======== Extracted material

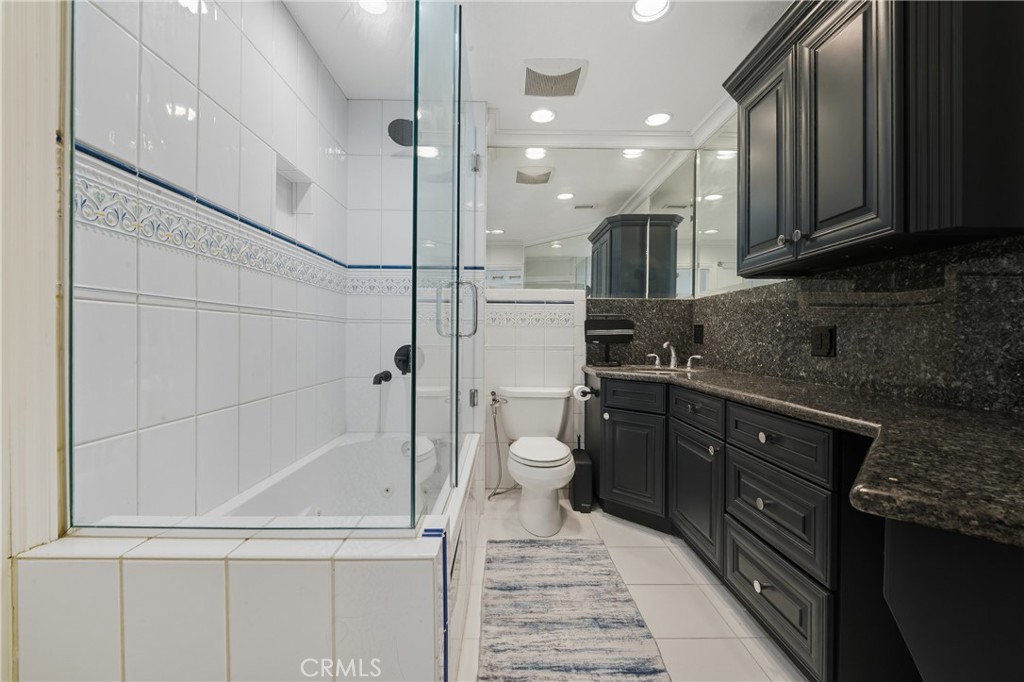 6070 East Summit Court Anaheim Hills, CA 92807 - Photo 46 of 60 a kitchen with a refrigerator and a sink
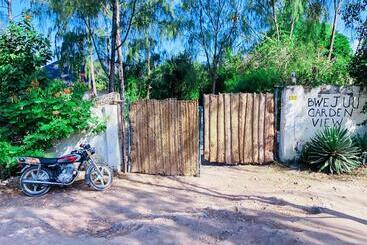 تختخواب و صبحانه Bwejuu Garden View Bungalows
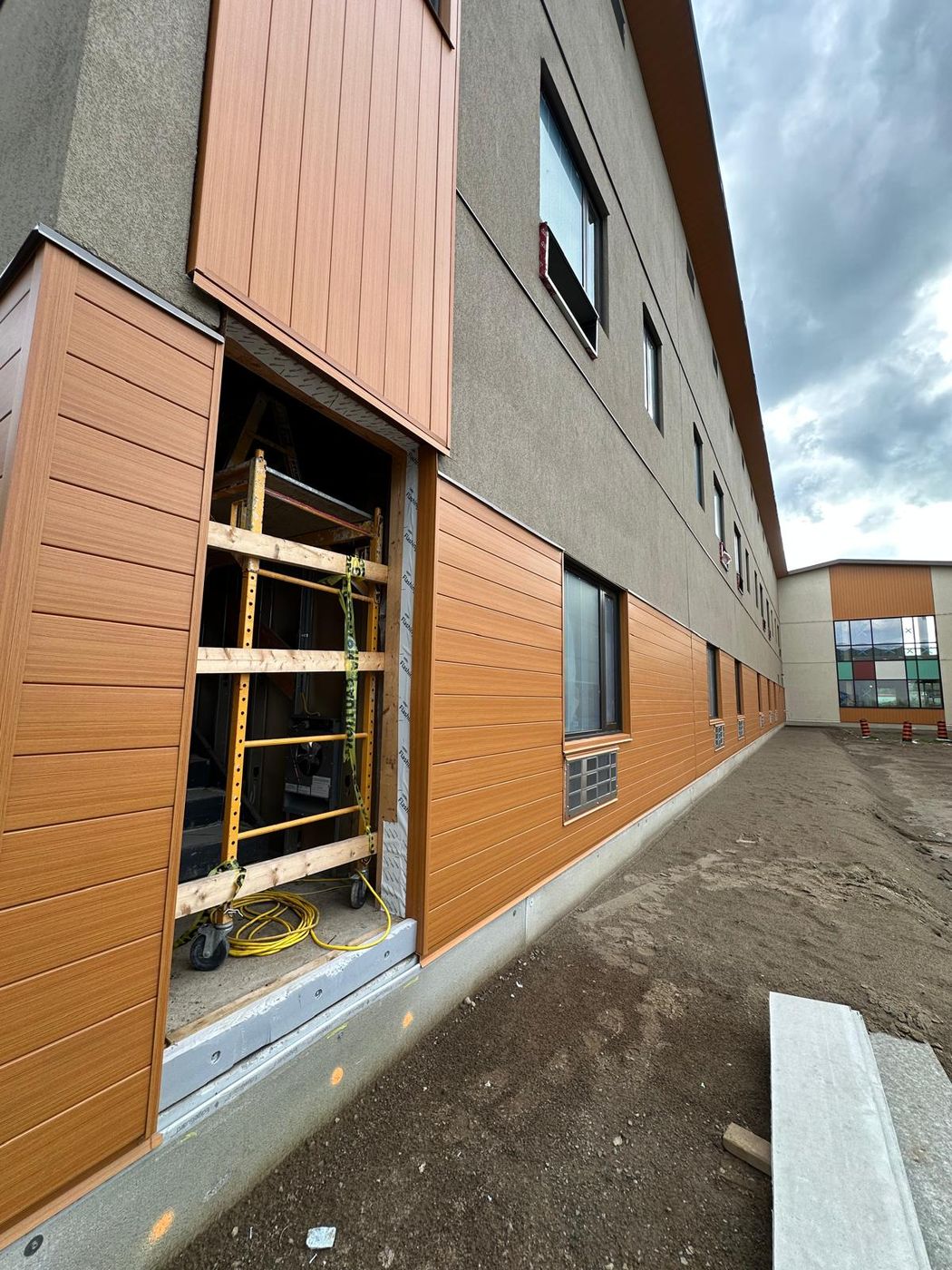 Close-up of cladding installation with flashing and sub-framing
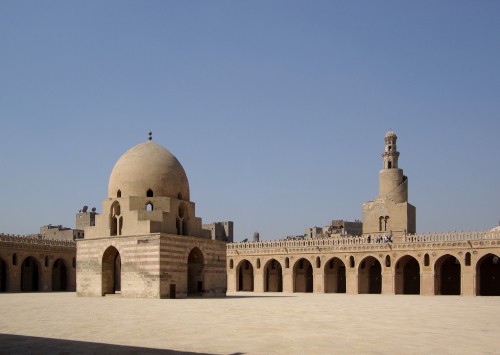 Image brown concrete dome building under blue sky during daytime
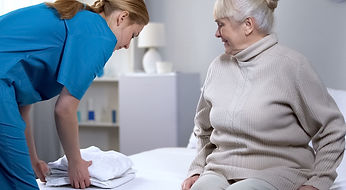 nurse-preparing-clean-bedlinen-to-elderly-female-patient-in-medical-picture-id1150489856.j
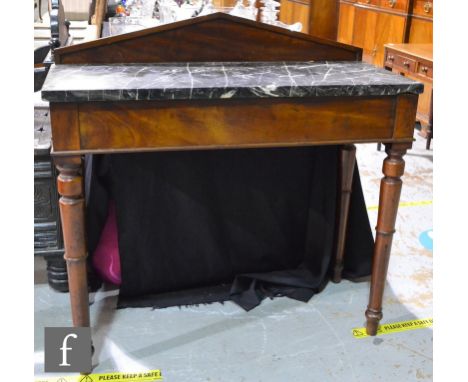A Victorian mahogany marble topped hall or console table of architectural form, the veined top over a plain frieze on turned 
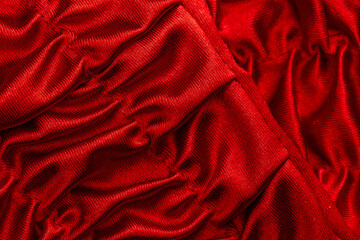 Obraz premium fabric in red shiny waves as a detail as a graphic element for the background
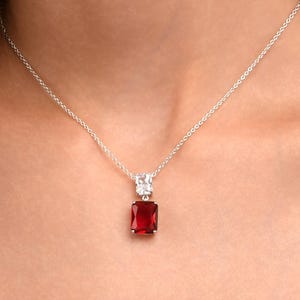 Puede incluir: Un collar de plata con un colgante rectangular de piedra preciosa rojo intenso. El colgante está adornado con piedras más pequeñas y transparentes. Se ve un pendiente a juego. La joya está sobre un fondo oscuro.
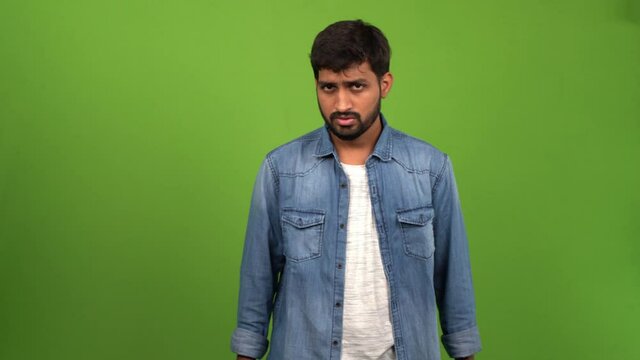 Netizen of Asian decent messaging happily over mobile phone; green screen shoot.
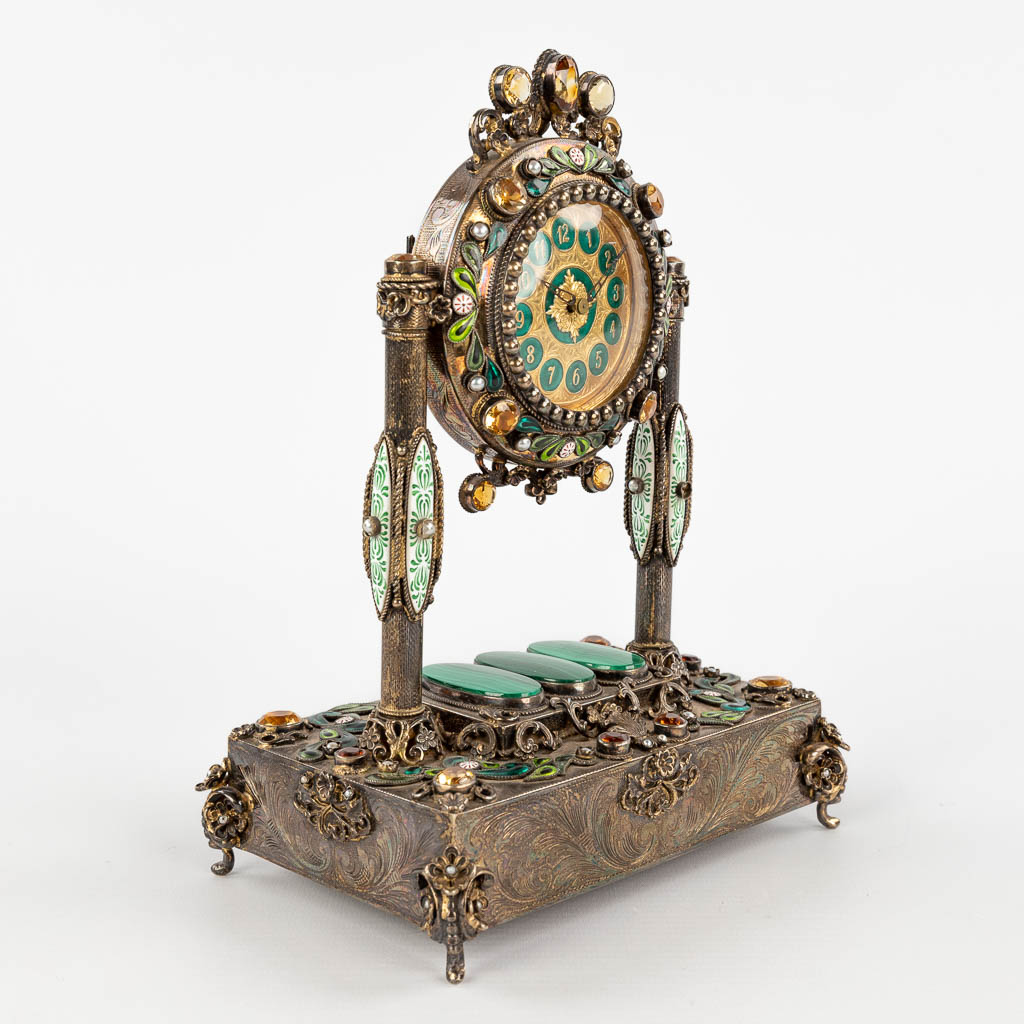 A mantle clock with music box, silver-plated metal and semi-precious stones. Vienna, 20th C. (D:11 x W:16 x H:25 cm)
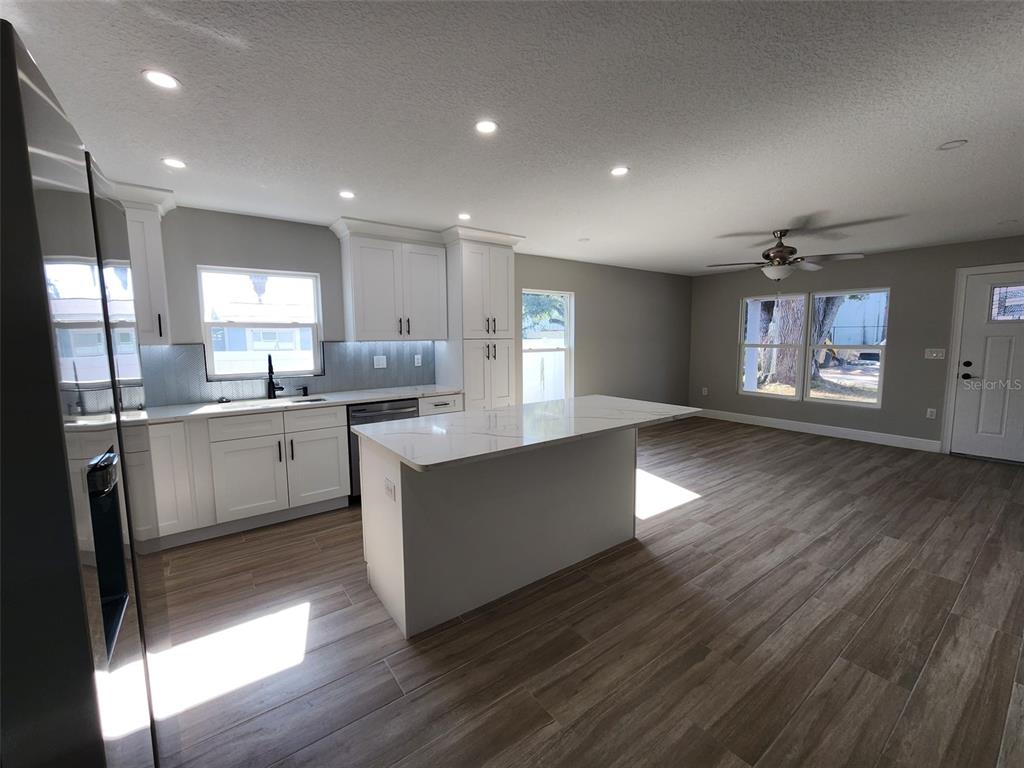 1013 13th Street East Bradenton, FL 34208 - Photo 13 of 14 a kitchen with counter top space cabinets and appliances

================

== What you are asked to do ==
From the line containing "Netizen of Asian" to the last line of the records above, return each line exactly, both ends included, and nothing more. Leave out the pictures.

== Result of this task ==
 Netizen of Asian decent messaging happily over mobile phone; green screen shoot.
 A mantle clock with music box, silver-plated metal and semi-precious stones. Vienna, 20th C. (D:11 x W:16 x H:25 cm)
 1013 13th Street East Bradenton, FL 34208 - Photo 13 of 14 a kitchen with counter top space cabinets and appliances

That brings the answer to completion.